The study presents MeltPoolGAN, a machine learning architecture designed for the classification and controlled generation of melt pool images in additive manufacturing. It significantly improves the accuracy of classifying process parameters such as laser power, scan speed and scan direction, achieving around 97% accuracy for power and scan speed classification and less than 3 degrees of error for scan direction estimation.

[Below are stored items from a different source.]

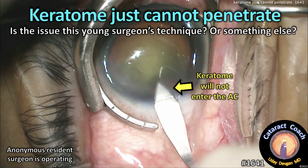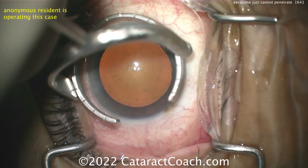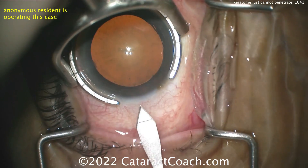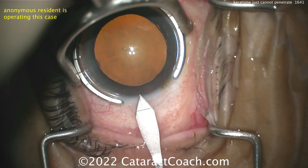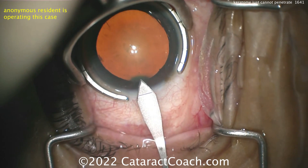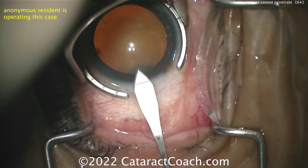This keratome just cannot penetrate. Is the issue the young surgeon's technique, or something else? This is an anonymous resident who's operating this case. This resident has some experience but not a tremendous amount. You can see the draping looks good, the eye isn't primary, fixation ring looks nicely centered, and here comes the keratome starting to enter, making a reasonable tunnel length.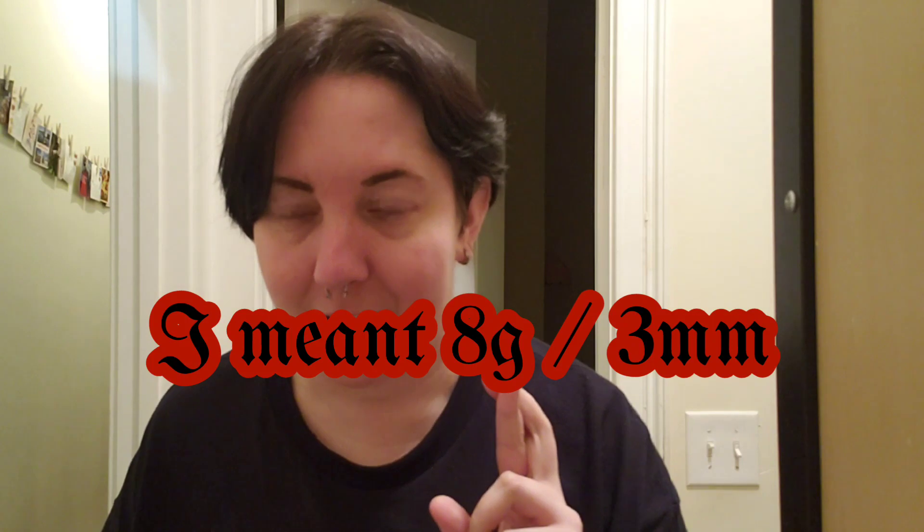I didn't film this, but a couple days ago I tried sticking tapers through them just to see what size they're at, and I'm pretty sure that they're still at 6 gauge. So I bought some 6-gauge plugs from Amazon. They're probably not very good quality, but they look good at least.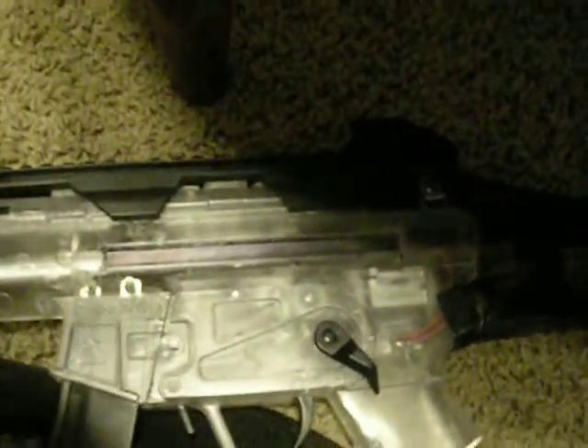Hey guys, it's Power Marine. Today I want to show you something cool you can do with the Crossman Stinger R-34 and a Crossman TAC R-71.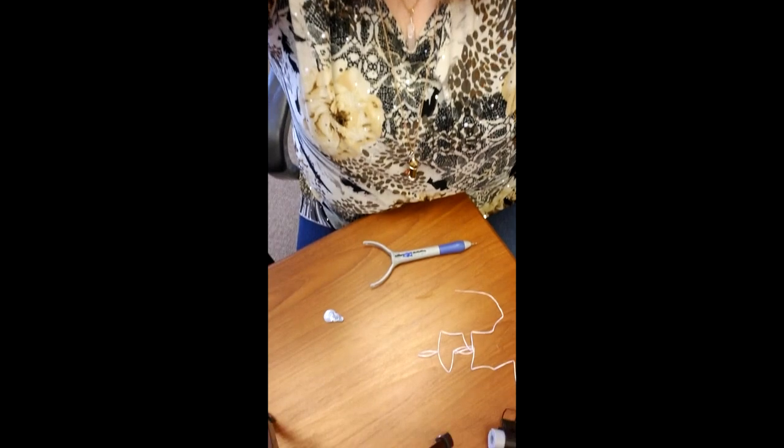Hi everyone, it's Donna with Embrody.com. I had a customer question today on how to thread the punch needle tool that we have, and decided it was easier to explain it in a video than to write it all out. So let me tip the camera down and I will show you.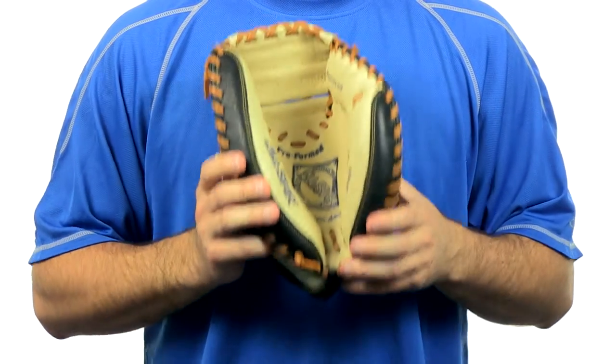It comes with free shipping and our 100-day money-back guarantee. Get your All-Star Mitt today at JustBallGloves.com and don't forget, from click to mitt.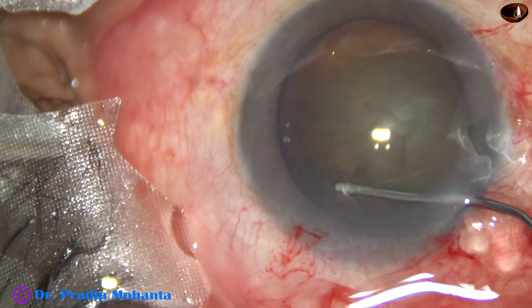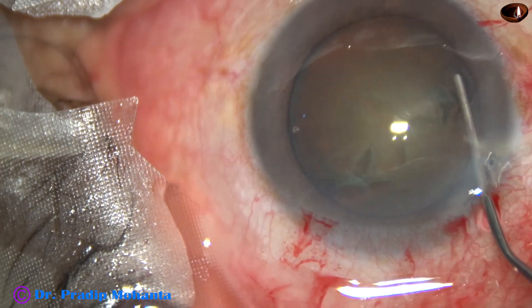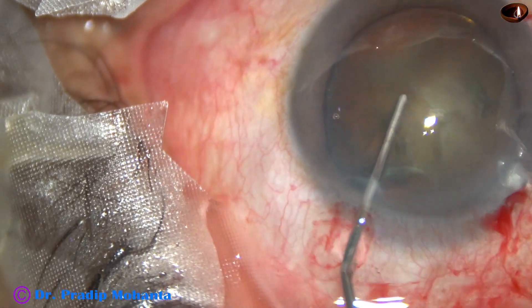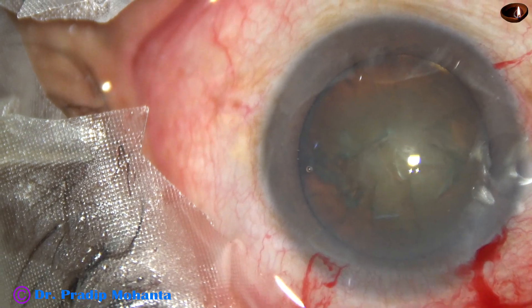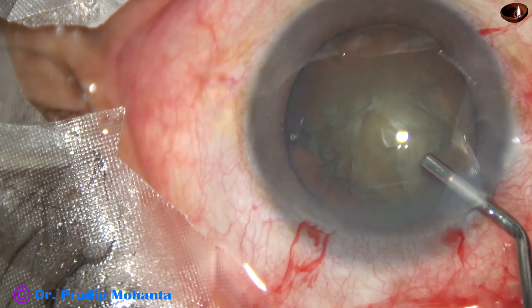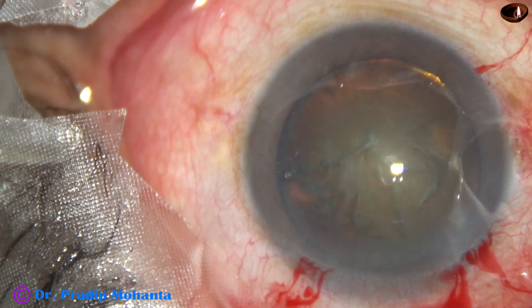Now hydrodissection is done. We have seen the fluid wave went from this side to the other side. The nucleus is tapped and rotated.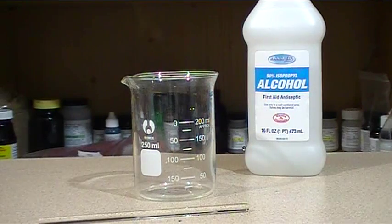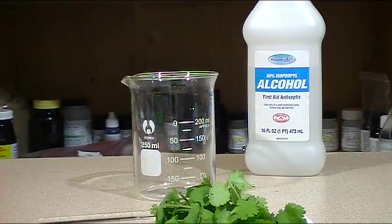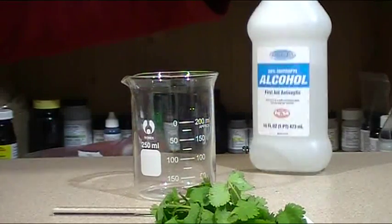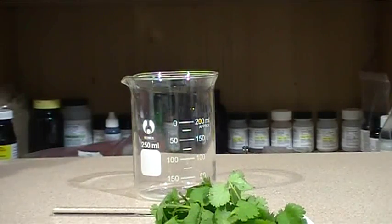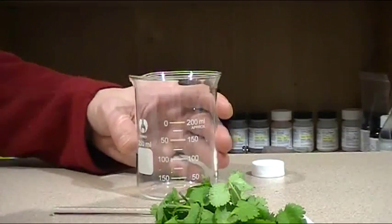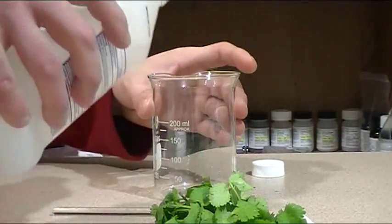This is a quick video on how to extract chlorophyll. I'm using 50% alcohol. You can use water but alcohol works faster.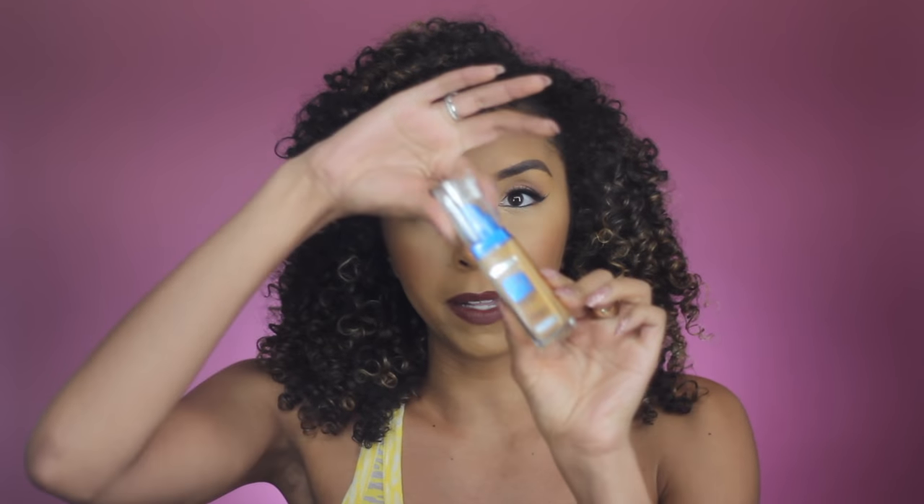Right off the bat it comes in a glass bottle. It is one fluid ounce, 30 milliliters. It has a little plastic top and a squeeze pump, which you guys know that I like. I'm wearing the color Golden Honey, number 93.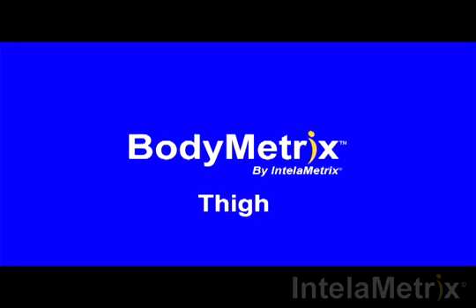Welcome to the BodyMetrics training videos. This video will show you how to measure your thigh with the BodyMetrics ultrasound device.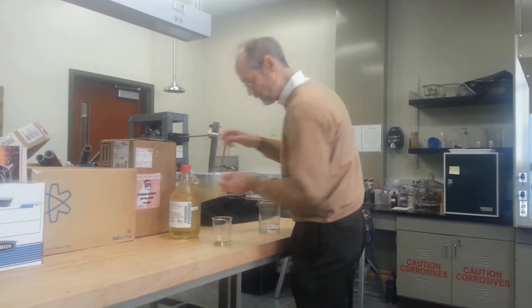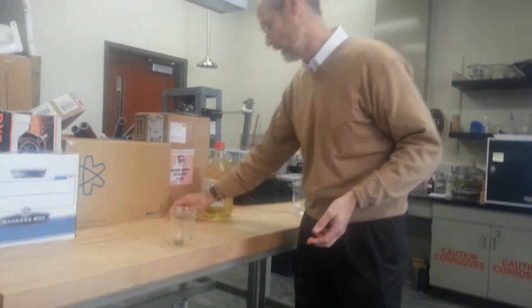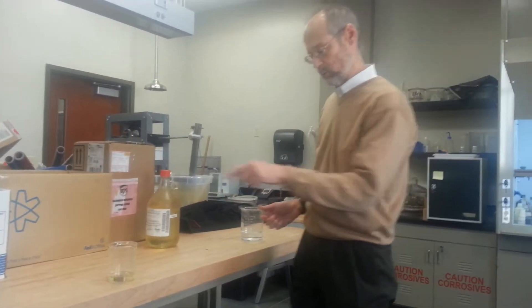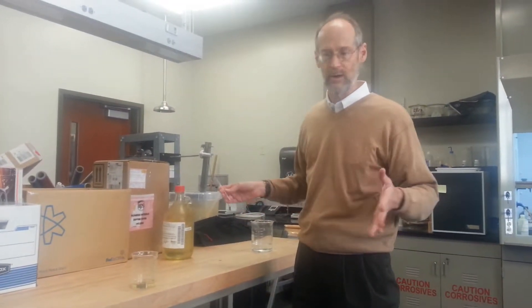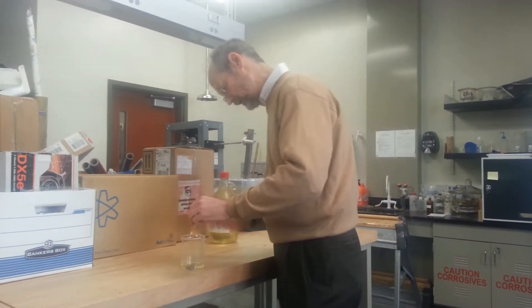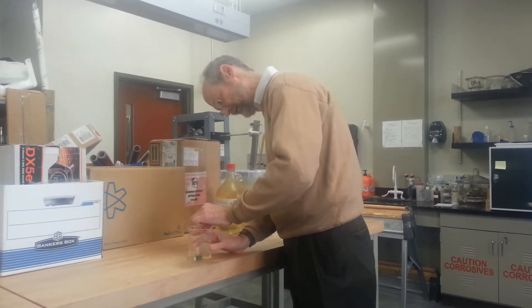And now you see — what you essentially see is nothing. There's no reaction going on, and really if we were able to measure the reaction rate between the acid and the steel, we would find out that there's essentially no chemical reaction taking place. It's taking place at a negligibly slow rate, and if I go in with a glass rod and scratch the surface, I see that nothing happens.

Type of Work: Scientific Publication

Main Author: Jan Petrik

Affiliation: ETH Zurich

Co-Authors: Baris Kavas, Markus Bambach

Date: 10th November 2023

Journal: Journal of Additive Manufacturing

Online: ScienceDirect

MeltPoolGAN employs an Auxiliary Classifier Generative Adversarial Network (ACGAN) framework, incorporating a novel approach to processing and analyzing melt pool images within the additive manufacturing domain. The methodology includes the use of generative adversarial networks (GANs) enhanced with auxiliary classifiers to accurately identify and classify process parameters such as laser power, scan speed, and scan direction across an extensive range of 371 classes. This setup allows for high classification accuracies and the generation of realistic melt pool images under varying conditions. The research used two different datasets, NIST and an in-house generated ETH dataset, to test the robustness and versatility of the model.
The MeltPoolGAN architecture demonstrates remarkable performance, with classification accuracies of around 97% for power and scan speed classes, and scan direction estimation errors of less than 3 degrees. Such results in terms of rotation have been achieved thanks to the loss function developed, specifically the Gaussian Cross Entropy loss function. Furthermore, the ability to generate controlled and accurate melt pool images opens up new avenues for data generation, classifier training and offline process parameter optimisation. Ultimately, it is believed that this AI architecture can be used in the future for real-time control of the LPBF process to check for anomalies and improve the overall geometric quality of the printed part.


  • Image 1
    The Aconity Midi+ system was used to create the ETH dataset by printing on a build platform and capturing melt pool images using a CMOS camera.
  • Image 2
    MeltPoolGAN's workflow includes a generator that creates images from noise and laser parameters (power, direction, speed) and a discriminator that evaluates if melt pool images are real or fake, identifying their laser settings. If the printing process aligns with expectations, predicted and actual parameters will match.
  • Image 3

    Left: MeltPoolGAN generates melt pool images across 25 categories with a single rotation, covering a power range of 110 to 190 W and scan speeds from 200 to 1000 mm/s.

    Right: Predictions of melt pools along the laser path, with scan speeds v1 at 900 mm/s and v2 at 600 mm/s.